I also remember enjoying Cleese’s performance as Q in the theater, but it seems just as dreary and unfunny now as any late Cleese performance.

It never occurred to me before, but there’s a scene in the beginning where the North Koreans find a photo of Bond and he’s a dead ringer for Peter Jennings. And suddenly the career of Peter Jennings became 100% more interesting.

Xao, as I say, chases Bond across the ice in his Jaguar. Like Bond’s car, Xao’s is outfitted with rocket-launchers and machine guns and so forth. Now, I can see why Bond’s car has all that stuff (or, to be honest, I can’t see why it has all that stuff, but I’ve grown accustomed to the tradition of it) but I can’t for the life of me understand why Xao feels he needs to have a chaingun and rocket launchers in his Jaguar. And the whole sequence falls apart for me there. I don’t know why that’s the breaking point for me in a movie that includes a big space laser, a hotel made out of ice and Madonna as a fencing instructor, but here we are.

Bond sneaks into the bad guy’s arctic lab, a glass dome that is, of course, made up of hexagons. Nothing futuristic was ever accomplished without hexagons. Hugo Drax knew that.

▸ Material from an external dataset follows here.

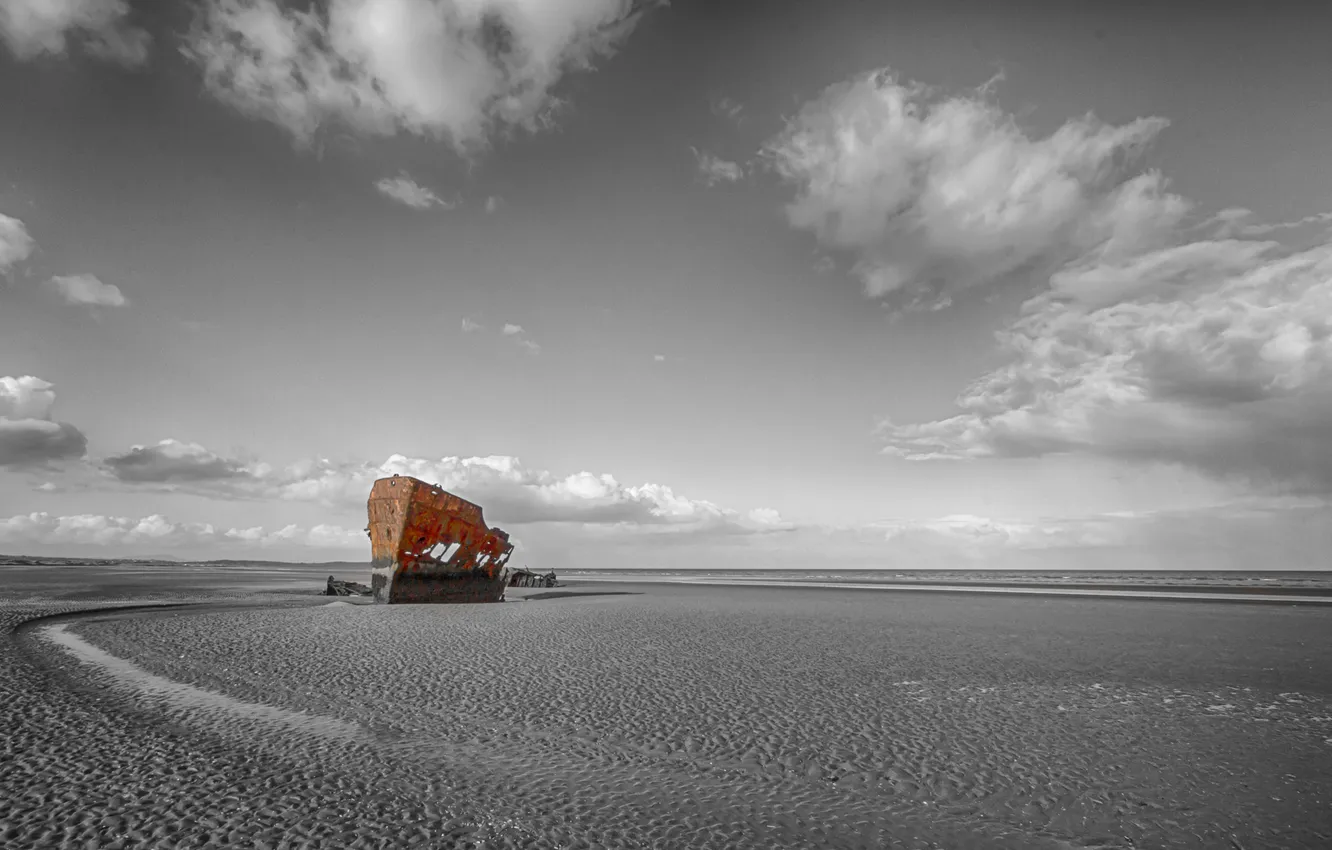 Photo wallpaper shore, tide, the skeleton, Ireland, the wreckage of the ship, Louth, Oranmore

Bond and Jinx sneak into the bad guy’s airfield using — what? I’m sorry, they use what to breach the airfield’s security system? Wirecutters? To cut through a chain link fence? Does Bond’s watch no longer have a miniature buzz saw on it?

In the explosive climax, Bond and Jinx bail out of a crashing 747 by climbing into a helicopter in the plane’s cargo bay and starting it up as it plummets toward earth. I could be wrong, but I’m not entirely sure it is possible to do that.

There is a valedictory aspect to Die Another Day, a kind of summing-up. Lots of in-jokes, clever references and navel-gazing. Or maybe I’m confusing “valedictory” with “not having any original ideas.” The problem with the Brosnan Bonds is that they feel the constant burden of The Bond Movies, that they’re part of a tradition, that they have something to live up to. In Die Another Day the whole construction, the whole hall of mirrors, finally collapses like, well, like an ice-hotel under the beam of a big space laser.